Before the doctor implants the embryo into your uterus, you can request pre-implantation genetic testing of your embryos to see if they might have genetic problems that can interfere with a normal pregnancy and healthy delivery. Pre-implantation genetic testing is only possible with embryos that are a result of IVF.
Two major types of pre-implantation genetic testing are available to you: Pre-implantation genetic screening (PGS) and pre-implantation genetic diagnosis (PGD). The two, often confused with each other, are actually used for different purposes. But both can help doctors and their patients decide which embryos are genetically normal and the best to transfer for the greatest chances of a full-term pregnancy and a healthy child.
First, a little background on what doctors are looking for with PGS or PGD: Some percentage of embryos, no matter what, will always have an abnormal number of chromosomes in their cells. Our cells have 23 pairs of chromosomes for a total of 46 chromosomes. At conception, we get 23 chromosomes from our mother, and 23 chromosomes from our father, including 22 gender-neutral chromosomes (the same whether you’re female or male). In addition, we have two sex chromosomes (the X and Y chromosomes), which determine whether we will be male (XY) or female (XX).
As women age, they’re more likely to have eggs that have an chromosomal abnormality, because the ageing genetic machinery is less effective at correcting problems that arise as the egg matures. Embryos with chromosomal abnormalities, a condition called aneuploidy, usually die before implantation in the uterus, or early in pregnancy, causing a miscarriage.
Just so you know, a few chromosomal abnormalities do not result in pregnancy failure or early pregnancy loss, so we have children and adults with chromosomal abnormalities. The most common is an extra Chromosome 21, a genetic condition called Trisomy 21, the cause of Down syndrome.
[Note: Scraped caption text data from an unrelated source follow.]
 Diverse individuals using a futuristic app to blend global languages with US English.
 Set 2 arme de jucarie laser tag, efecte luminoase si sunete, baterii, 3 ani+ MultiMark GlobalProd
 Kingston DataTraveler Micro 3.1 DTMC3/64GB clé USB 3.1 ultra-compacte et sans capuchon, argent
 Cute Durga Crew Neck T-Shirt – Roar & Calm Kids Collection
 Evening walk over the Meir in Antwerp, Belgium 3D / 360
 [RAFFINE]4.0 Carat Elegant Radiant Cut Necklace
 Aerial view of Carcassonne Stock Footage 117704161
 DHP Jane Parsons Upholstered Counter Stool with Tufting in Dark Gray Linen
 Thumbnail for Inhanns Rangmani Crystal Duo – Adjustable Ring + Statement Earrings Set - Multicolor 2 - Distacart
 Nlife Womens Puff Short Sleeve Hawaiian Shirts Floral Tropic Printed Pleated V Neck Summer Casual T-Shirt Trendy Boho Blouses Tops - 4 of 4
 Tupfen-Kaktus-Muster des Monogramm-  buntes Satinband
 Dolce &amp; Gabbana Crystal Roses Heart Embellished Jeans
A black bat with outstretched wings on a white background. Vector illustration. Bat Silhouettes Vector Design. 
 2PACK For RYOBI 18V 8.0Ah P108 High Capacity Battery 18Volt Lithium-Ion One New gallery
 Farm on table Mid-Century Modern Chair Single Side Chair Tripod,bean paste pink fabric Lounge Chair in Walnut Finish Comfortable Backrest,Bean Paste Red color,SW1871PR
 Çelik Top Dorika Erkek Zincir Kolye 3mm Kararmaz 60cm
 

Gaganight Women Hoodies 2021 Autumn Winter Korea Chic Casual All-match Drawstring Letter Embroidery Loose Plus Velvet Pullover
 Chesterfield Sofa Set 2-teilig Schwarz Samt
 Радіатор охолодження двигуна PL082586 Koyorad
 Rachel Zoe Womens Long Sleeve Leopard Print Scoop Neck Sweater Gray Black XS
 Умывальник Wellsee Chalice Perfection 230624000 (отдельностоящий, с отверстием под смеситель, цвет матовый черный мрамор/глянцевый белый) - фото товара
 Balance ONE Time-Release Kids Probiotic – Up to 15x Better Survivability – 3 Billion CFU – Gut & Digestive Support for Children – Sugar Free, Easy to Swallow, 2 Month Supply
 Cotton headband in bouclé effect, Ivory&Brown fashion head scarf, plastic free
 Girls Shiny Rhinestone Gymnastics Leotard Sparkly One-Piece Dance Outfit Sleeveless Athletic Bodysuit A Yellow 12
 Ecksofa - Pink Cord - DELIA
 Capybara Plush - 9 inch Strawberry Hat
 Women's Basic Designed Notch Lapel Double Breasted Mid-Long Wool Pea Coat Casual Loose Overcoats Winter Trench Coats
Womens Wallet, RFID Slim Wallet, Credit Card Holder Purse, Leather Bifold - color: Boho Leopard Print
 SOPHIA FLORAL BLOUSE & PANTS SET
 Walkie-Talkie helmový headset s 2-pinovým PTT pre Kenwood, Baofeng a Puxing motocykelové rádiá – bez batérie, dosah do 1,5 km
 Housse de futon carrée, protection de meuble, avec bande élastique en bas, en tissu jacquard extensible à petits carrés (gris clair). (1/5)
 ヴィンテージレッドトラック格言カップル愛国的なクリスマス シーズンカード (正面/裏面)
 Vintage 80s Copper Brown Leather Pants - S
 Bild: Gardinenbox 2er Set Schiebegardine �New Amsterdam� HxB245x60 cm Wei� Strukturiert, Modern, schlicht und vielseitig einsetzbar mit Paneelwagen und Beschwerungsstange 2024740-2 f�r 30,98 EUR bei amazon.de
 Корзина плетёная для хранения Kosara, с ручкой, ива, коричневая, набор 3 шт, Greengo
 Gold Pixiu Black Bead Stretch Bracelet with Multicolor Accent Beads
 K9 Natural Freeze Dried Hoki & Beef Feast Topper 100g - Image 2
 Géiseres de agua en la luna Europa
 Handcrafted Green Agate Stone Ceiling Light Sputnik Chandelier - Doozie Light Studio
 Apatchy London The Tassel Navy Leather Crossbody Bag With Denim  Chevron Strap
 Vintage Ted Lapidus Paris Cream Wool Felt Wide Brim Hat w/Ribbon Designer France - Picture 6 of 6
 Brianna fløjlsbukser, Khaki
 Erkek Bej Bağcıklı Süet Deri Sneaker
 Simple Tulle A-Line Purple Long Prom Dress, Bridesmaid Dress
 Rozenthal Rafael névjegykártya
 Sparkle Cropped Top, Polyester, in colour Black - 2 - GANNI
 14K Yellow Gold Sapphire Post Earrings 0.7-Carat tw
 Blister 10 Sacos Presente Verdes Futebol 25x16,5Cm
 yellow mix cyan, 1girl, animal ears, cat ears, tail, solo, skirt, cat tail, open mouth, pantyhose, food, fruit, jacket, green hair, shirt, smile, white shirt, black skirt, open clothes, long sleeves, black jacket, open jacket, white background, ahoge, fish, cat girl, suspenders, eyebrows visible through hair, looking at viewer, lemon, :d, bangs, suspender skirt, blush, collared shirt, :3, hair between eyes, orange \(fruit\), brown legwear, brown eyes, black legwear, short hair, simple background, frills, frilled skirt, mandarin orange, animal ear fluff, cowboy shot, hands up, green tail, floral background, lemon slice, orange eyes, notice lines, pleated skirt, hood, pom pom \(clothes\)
PGS identifies embryos with the correct number of chromosomes to help choose which embryos (usually one, or sometimes two) are transferred to the uterus. Patients with recurrent miscarriage or a known tendency to have embryos with abnormal chromosomes may benefit from PGS.
PGD, on the other hand, checks whether a patient’s embryos have a very specific genetic variation that is known to cause debilitating or fatal medical conditions that run in the family. PGD testing looks for abnormal gene sequences within the chromosomes in the embryo that will lead to health problems for the child or in subsequent generations.
Should every IVF patient use pre-implantation genetic testing? Testing can bring huge benefits for some, increasing the chances of a healthy pregnancy and avoiding the risk of passing on deadly genetic diseases. For others, the benefit may not be worth the extra expense and possible risks. The technique to remove cells for testing (called embryo biopsy) carries an extremely small risk of damage to the embryo when performed by a highly skilled technician. And at any rate, doctors still recommend prenatal testing for genetic abnormalities using traditional tests, such as chorionic villus sampling and amniocentesis, to confirm pre-implantation genetic test results. As PGS becomes more widely available (and in demand), we will learn more about the impact of PGS on increasing live birth rates or reducing miscarriage rates with older women, women with repeated failed IVF cycles, and those with recurring miscarriages.
Be sure to talk with your doctor or a genetic counselor to help you decide if you want to pursue pre-implantation genetic testing.